The problem with the entry is that the name Julius Pringles became official in 2013, after 6 years, so the hoax was not removed but revealed. I'm not sure how to best log this. See Talk:Pringles for more info. Fences&Windows 21:02, 27 March 2022 (UTC)
- (I meant to post this here, not at the other page). Sounds like it is by now a former hoax. (And we have only the editor's word that it ever was a hoax). —Kusma (talk) 21:17, 27 March 2022 (UTC)
- Mashable [20] says "However, the internet never forgets, and in this case there are enough Julius-related breadcrumbs leading back to Platypus222 to lend some serious credibility to his claim." Gråbergs Gråa Sång (talk) 08:35, 28 March 2022 (UTC)
- Excellent. We could add a new "Former hoaxes" subsection then. —Kusma (talk) 08:41, 28 March 2022 (UTC)
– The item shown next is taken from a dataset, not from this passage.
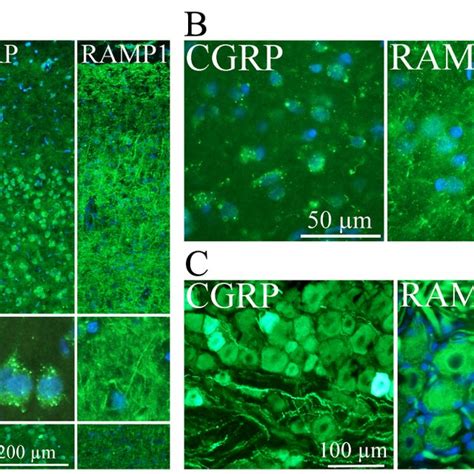 Calcitonin Gene Related Peptide Cgrp And The Cgrp Receptor Component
- It sort of fits under False statements in articles, though it may not be obvious when it stopped being false. Gråbergs Gråa Sång (talk) 16:02, 28 March 2022 (UTC)
- Excellent. We could add a new "Former hoaxes" subsection then. —Kusma (talk) 08:41, 28 March 2022 (UTC)
- Mashable [20] says "However, the internet never forgets, and in this case there are enough Julius-related breadcrumbs leading back to Platypus222 to lend some serious credibility to his claim." Gråbergs Gråa Sång (talk) 08:35, 28 March 2022 (UTC)
Is this a hoax?
Wikipedia:Articles for deletion/Victor Cannella The research conducted at this AFD seems to suggest that Victor Cannella might be a hoax. Ten Pound Hammer • (What did I screw up now?) 20:47, 31 March 2022 (UTC)
Hoax?
Kunlun Mountain Fist seems to be a hoax. I get only 50 results on Google, all Wikipedia mirrors. The article was created on November 5, 2009 by a user who only made one other martial arts article and narrowly avoided A1 deletion the same day. Ten Pound Hammer • (What did I screw up now?) 17:59, 23 April 2022 (UTC)
- TenPoundHammer It's a hoax in that it's presented as real but it's based on fiction. See Kunlun Sect. Which makes me think Kunlunquan this is also a hoax. PRAXIDICAE💕 18:02, 23 April 2022 (UTC)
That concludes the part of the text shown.